La premisa de Espacio interior es aparentemente sencilla: Lázaro (Kuno Becker) es un prestigioso arquitecto de Ciudad de México al que un día una banda de criminales secuestran y encierran en un zulo que mide poco más de cuatro metros cuadrados. Basada en una historia real, la película narra los ocho meses que Lázaro pasa recluido en la habitación y separado de su mujer y sus cuatro hijos.
No obstante, la trama es un mero vehículo para que se pueda desarrollar el auténtico meollo de la cuestión, el viaje interior del protagonista. A pesar de estar recluido en la celda, Lázaro descubre con el tiempo que puede sobreponerse a las condiciones terriblemente adversas en las que se encuentra. A partir de pequeños gestos, el protagonista se da cuenta de que pese a todo puede luchar por “estar perfecto”, como él mismo dice en algún momento. Es entonces cuando su perspectiva cambia por completo.
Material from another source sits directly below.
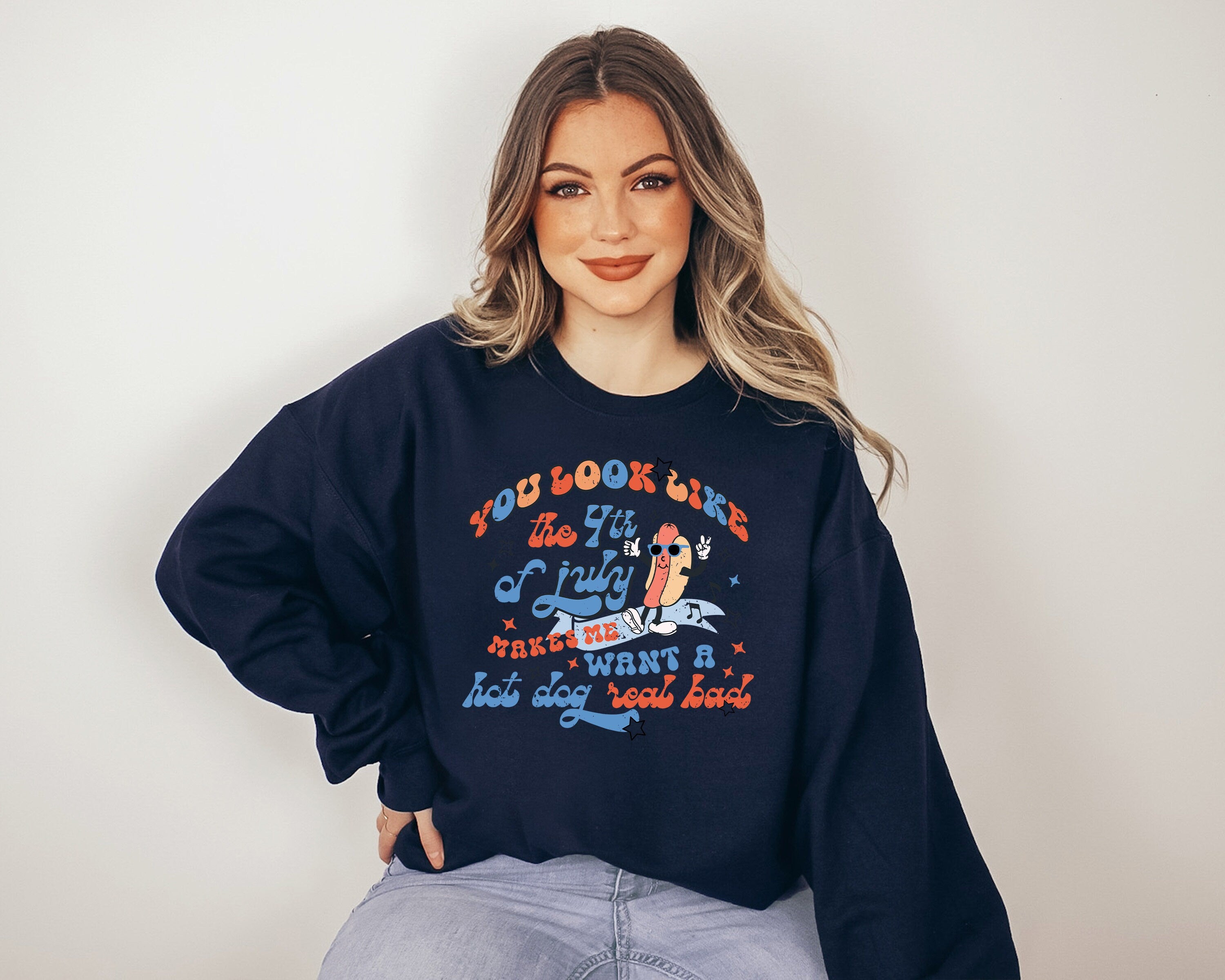 Retro Fourth of July Sweatshirt, America, Hot Dog, 4th of July Sweater, America Pullover, Womens Sweatshirt, Independence Day, Patriotic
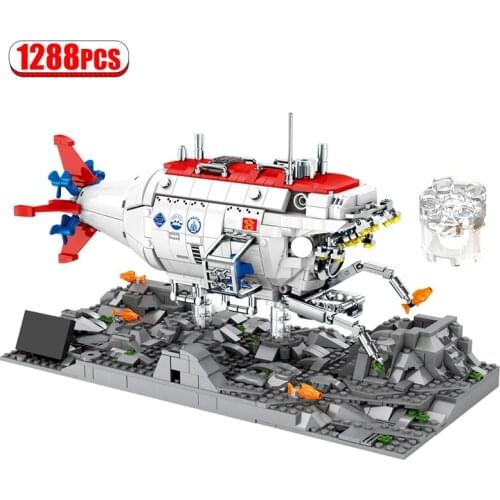 1288pcs City Technical Jiaolong Deep-sea Submarine Building Blocks Manned Missile Detector Bricks Toys For Kids Gifts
Podría parecer que la película está alabando en este punto al “yo” de Lázaro, al hombre que por sí mismo es capaz de hacer frente a una situación insostenible. Puede uno recordar aquí los versos del poema “Invictus”, aquellos de “soy el dueño de mi destino, soy el capitán de mi alma”. Pero no, el director, Kai Parlange, dispara en otra dirección. Si algo queda claro en el film es que lo que permite a Lázaro sobreponerse a las vejaciones del secuestro es apoyarse en algo externo a él mismo, en el amor de María, su mujer; en el de sus hijos, y en una Biblia que consigue que le dejen los secuestradores.
En definitiva, aunque la historia que cuenta esta película podría haberse convertido en una cinta oscura y torturada, acaba resultando todo lo contrario: un canto a la esperanza, a cómo el hombre necesita del amor de otros para poder seguir adelante.